● **Action item**
Nothing but the records themselves, exactly as written and free of pictures, should appear in your response.

(Source material Opens)

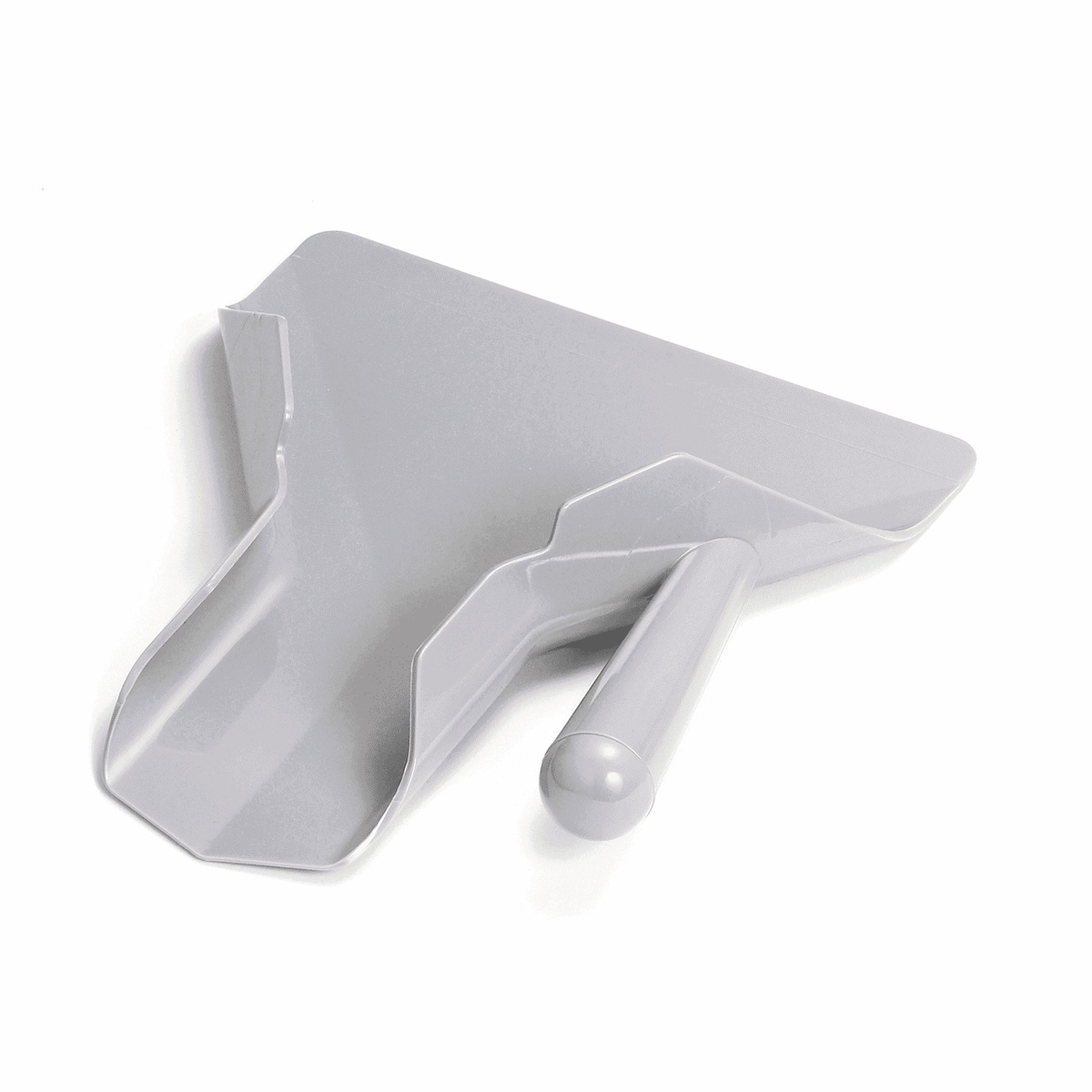 Tablecraft PR8 gray polypropylene French fry scoop with right-hand handle, isolated on white background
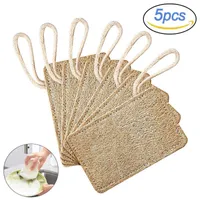 Sponges Scouring Pads Loofah Dish Washing Cloth Natural Luffa Sponge Kitchen Cleaner Dish Washing Tools Hanging Loofah Scrub Pad Plate Cleaning Tools R230309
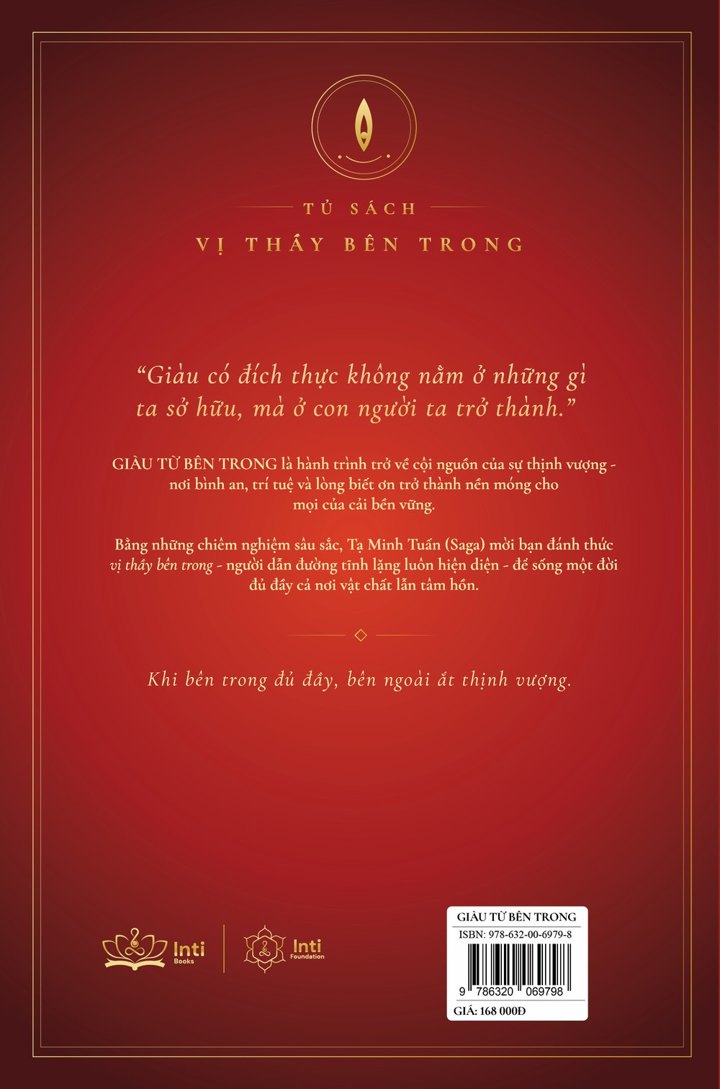 Bìa sau sách Giàu Từ Bên Trong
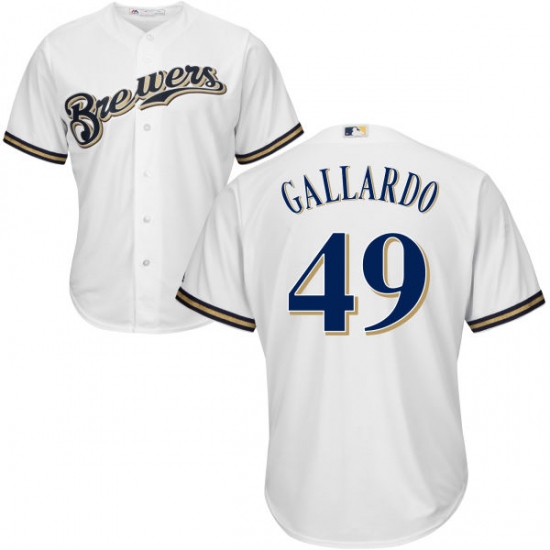 Youth Majestic Milwaukee Brewers #49 Yovani Gallardo Replica White Home Cool Base MLB Jersey - Ujersey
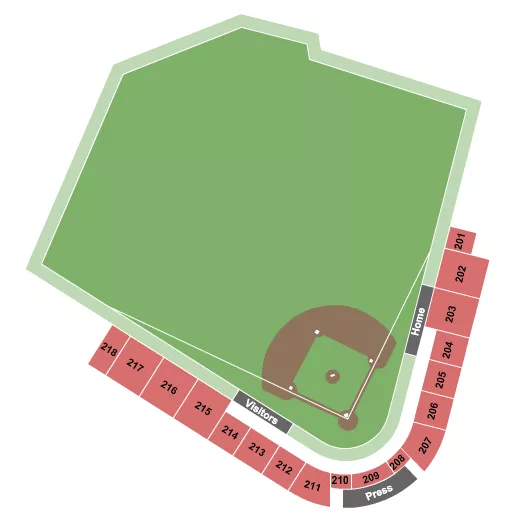 Baseball Seating Chart at Meritus Park. The chart shows the main floor/stage with seating options surrounding it, which are color coded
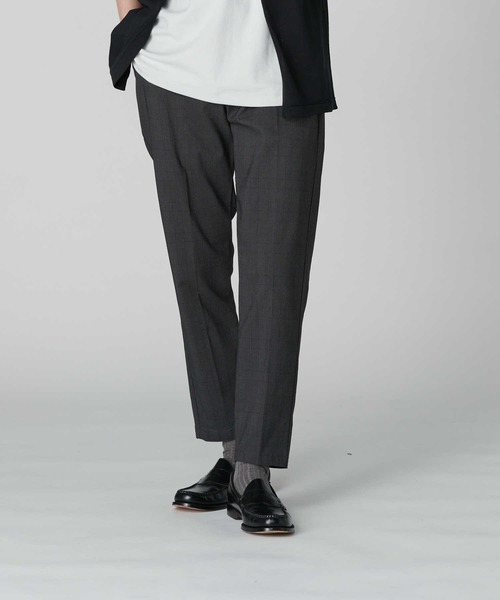 PLUS ONE(プラスワン)の「【接触冷感】【PLUS ONE】サラサラスリムトラウザー / 吸水速乾(スラックス・メンズ・ブラック/ベージュ/ネイビー/オリーブ/ブラック×グレー・S/M/L/XL)」の11枚目の写真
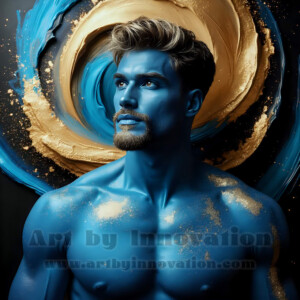 Beauty meets color in this stunning AI-generated abstract art collection. Handsome, shirtless men are enveloped from behind by vibrant, swirling translucent mists of color — inspired by the full spectrum of the rainbow, and the joyful palette of Pride. Each image combines photorealistic skin texture with surreal abstract color dynamics, creating a visual experience that is both deeply human and otherworldly. Created using AI, edited in Photoshop, by © Jeff Dupler | Art by Innovation | https://www.artbyinnovation.com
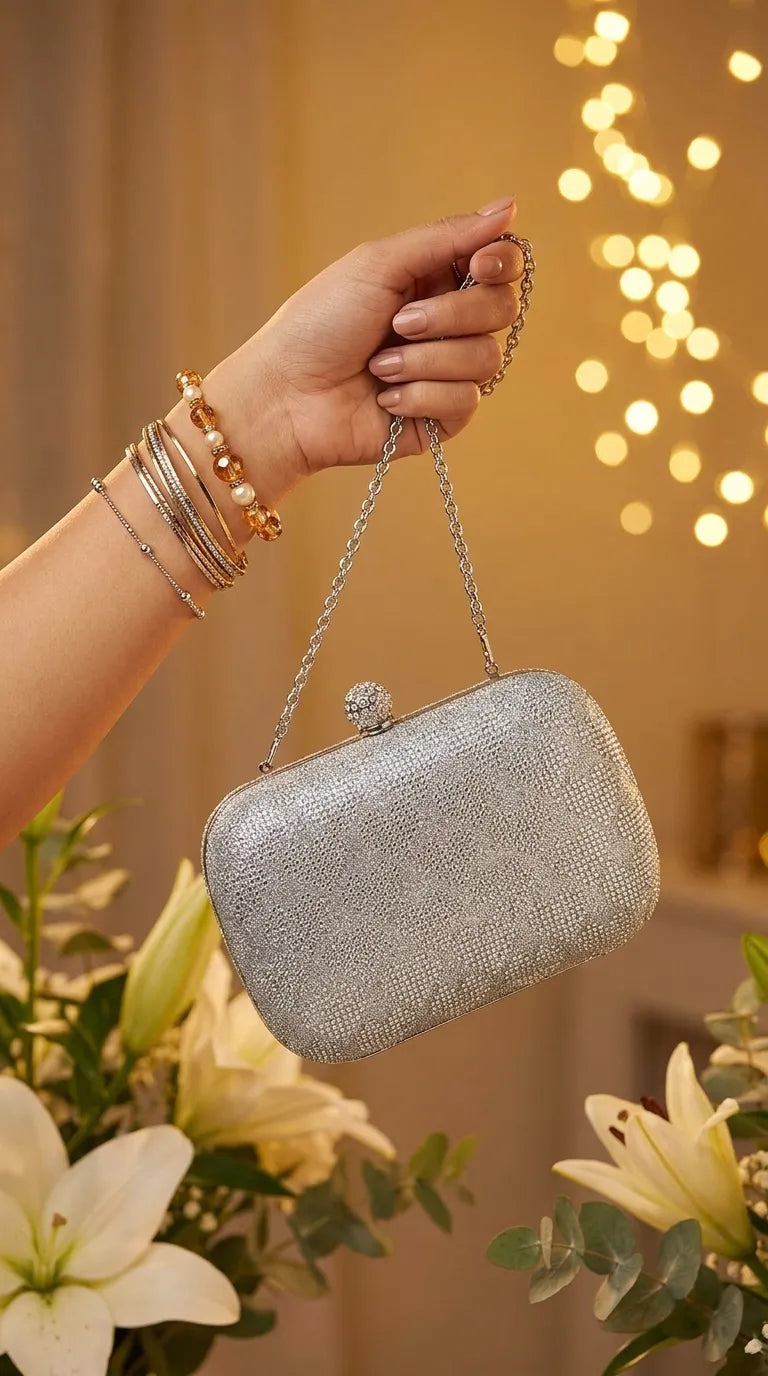 Silver Bridal Clutch P24561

(Source material Closes)

● **Result of this exercise**
 Tablecraft PR8 gray polypropylene French fry scoop with right-hand handle, isolated on white background
 Sponges Scouring Pads Loofah Dish Washing Cloth Natural Luffa Sponge Kitchen Cleaner Dish Washing Tools Hanging Loofah Scrub Pad Plate Cleaning Tools R230309
 Bìa sau sách Giàu Từ Bên Trong
 Youth Majestic Milwaukee Brewers #49 Yovani Gallardo Replica White Home Cool Base MLB Jersey - Ujersey
 Baseball Seating Chart at Meritus Park. The chart shows the main floor/stage with seating options surrounding it, which are color coded
 PLUS ONE(プラスワン)の「【接触冷感】【PLUS ONE】サラサラスリムトラウザー / 吸水速乾(スラックス・メンズ・ブラック/ベージュ/ネイビー/オリーブ/ブラック×グレー・S/M/L/XL)」の11枚目の写真
 Beauty meets color in this stunning AI-generated abstract art collection. Handsome, shirtless men are enveloped from behind by vibrant, swirling translucent mists of color — inspired by the full spectrum of the rainbow, and the joyful palette of Pride. Each image combines photorealistic skin texture with surreal abstract color dynamics, creating a visual experience that is both deeply human and otherworldly. Created using AI, edited in Photoshop, by © Jeff Dupler | Art by Innovation | https://www.artbyinnovation.com
 Silver Bridal Clutch P24561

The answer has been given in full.